APPROVISIONNEMENT DU PAYS EN PRODUITS PÉTROLIERS

La Sar tourne, malgré des difficultés qui peuvent être passagères

Dans ce contexte de pandémie mondiale, certains s’inquiètent également sur le ravitaillement du pays en produits pétroliers. D’aucuns ont même eu à avancer que la Société africaine de raffinage (Sar) est déjà confrontée à des difficultés à ce niveau. Mais le ministre botte en touche et rassure.

‘’En tant que ministre en charge de l’Énergie, je n’ai pas eu connaissance de difficultés particulières d’approvisionnement de la Sar. Maintenant, il arrive que la société rencontre des difficultés passagères relatives notamment au retard dans le déchargement de certaines cargaisons.
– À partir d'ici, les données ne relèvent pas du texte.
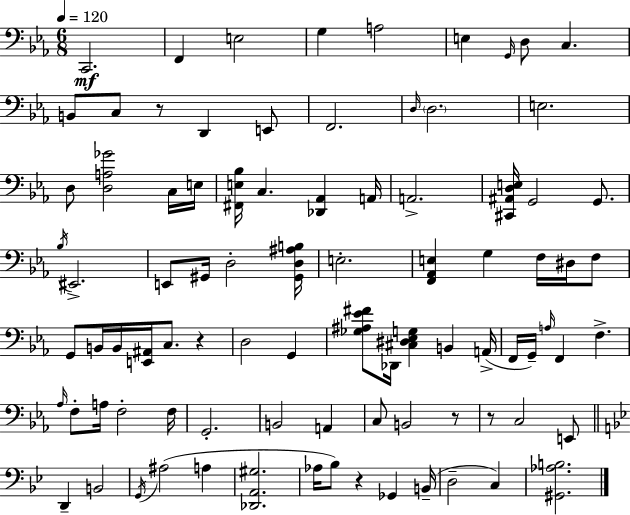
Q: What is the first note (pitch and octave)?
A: C2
Mais cela n’impacte pas l’approvisionnement du pays. Au moment où je vous parle, il y a une cargaison qui est en train de décharger. Le stock, au niveau du pays, rend la situation confortable’’. Ainsi, même s’il n’écarte pas de difficultés futures dans ce contexte plein d’incertitudes, il estime que jusque-là, il n’y a pas péril.